Take a look at how the operations of timerslack_ns is defined
static const struct file_operations proc_pid_set_timerslack_ns_operations = {
.open = timerslack_ns_open,
.read = seq_read,
.write = timerslack_ns_write,
.llseek = seq_lseek,
.release = single_release,
};
So we have to implement open, and can use predefined functions for read and llseek, release, great!
timerslack_ns_open() is a more like a wrapper function of single_open(), which is defined in seq_file, and , yeah, we still have to implement our own read function, as a parameter of single_open().
But I mean, take a look at timerslack_ns_show()
static int timerslack_ns_show(struct seq_file *m, void *v)
{
struct inode *inode = m->private;
struct task_struct *p;
int err = 0;
p = get_proc_task(inode);
if (!p)
return -ESRCH;
if (p != current) {
rcu_read_lock();
if (!ns_capable(__task_cred(p)->user_ns, CAP_SYS_NICE)) {
rcu_read_unlock();
err = -EPERM;
goto out;
}
rcu_read_unlock();
err = security_task_getscheduler(p);
if (err)
goto out;
}
task_lock(p);
seq_printf(m, "%llu\n", p->timer_slack_ns);
task_unlock(p);
out:
put_task_struct(p);
return err;
}
The core part is to get the corresponding task_struct then print it out, which is divided into three steps: task_lock() to prevent anyone from changing it, seq_print() to actually print that information and task_unlock() to release it. Therefore, our read function would be something like (we do no checks lol)

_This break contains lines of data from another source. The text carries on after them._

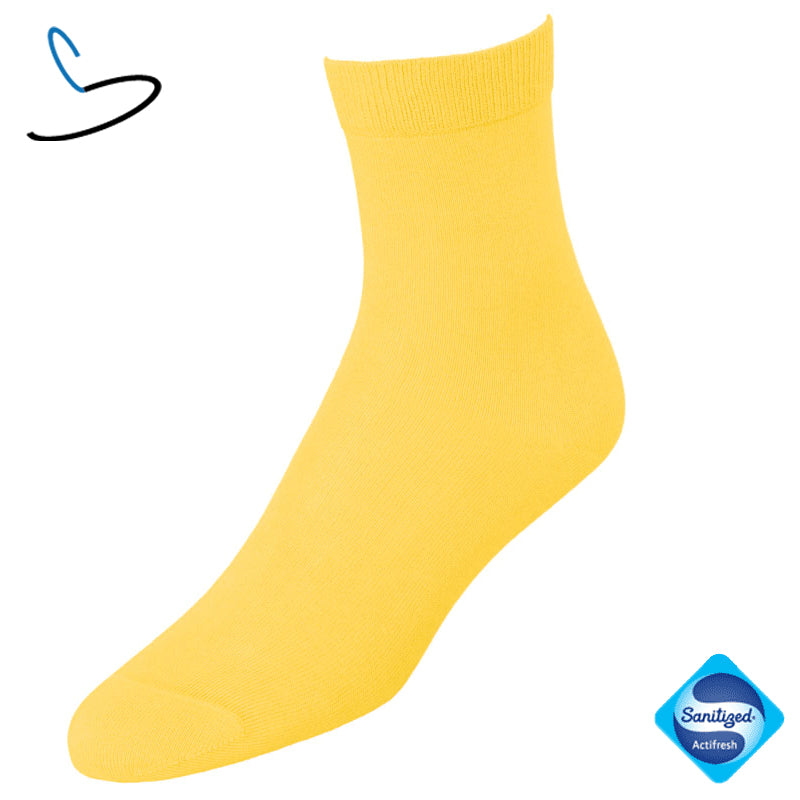 sokken dames blauw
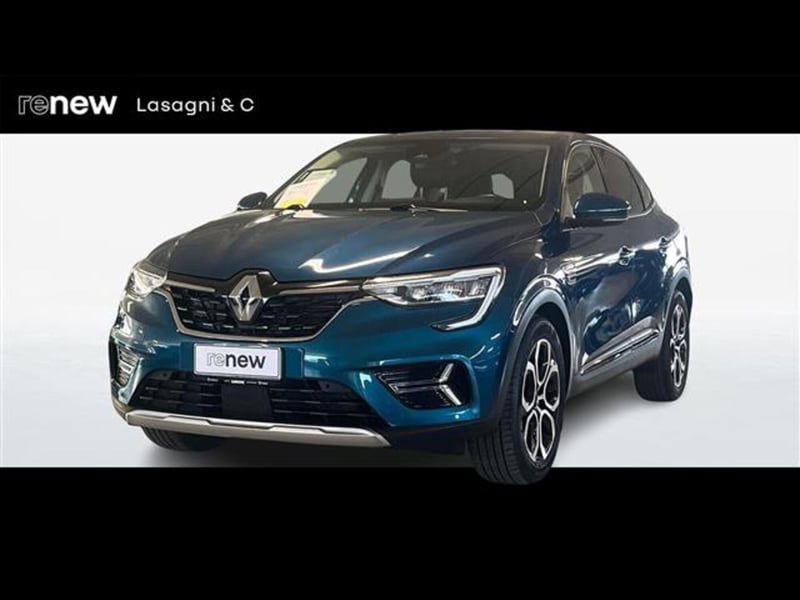 Renault Arkana 1.6 full hybrid Esprit Alpine 145cv del 2021 usata a Reggio nell'Emilia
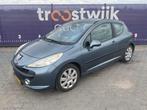 2008 - Peugeot - 207 - 1.6 VTi XS - Personenauto, Auto's, Peugeot, Gebruikt, Overige brandstoffen, Bedrijf, Handgeschakeld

static int my_ctx_read(struct seq_file *m, void *v) {
struct inode *inode = m->private;
struct task_struct *p;
p = get_proc_task(inode);
if (!p) return -ESRCH;
task_lock(p);
seq_printf(m, "%llu\n", p->ctx);
task_unlock(p);
return 0;
}
And the wrapper would be
static int my_ctx_open(struct inode *inode, struct file *flip) {
return single_open(flip, my_ctx_read, inode);
}
Finally the file operations
static const struct file_operations my_ctx_ops = {
.open = my_ctx_open,
.read = seq_read,
.llseek = seq_lseek,
.release = single_release,
};
If all above are ready, go get some snacks and rest while the kernel compiles. When it’s done and rebooted, try ctx with this C code
#include <stdio.h>
int main() {
while(1) getchar();
return 0;
}
ctx should increase every time a input is given.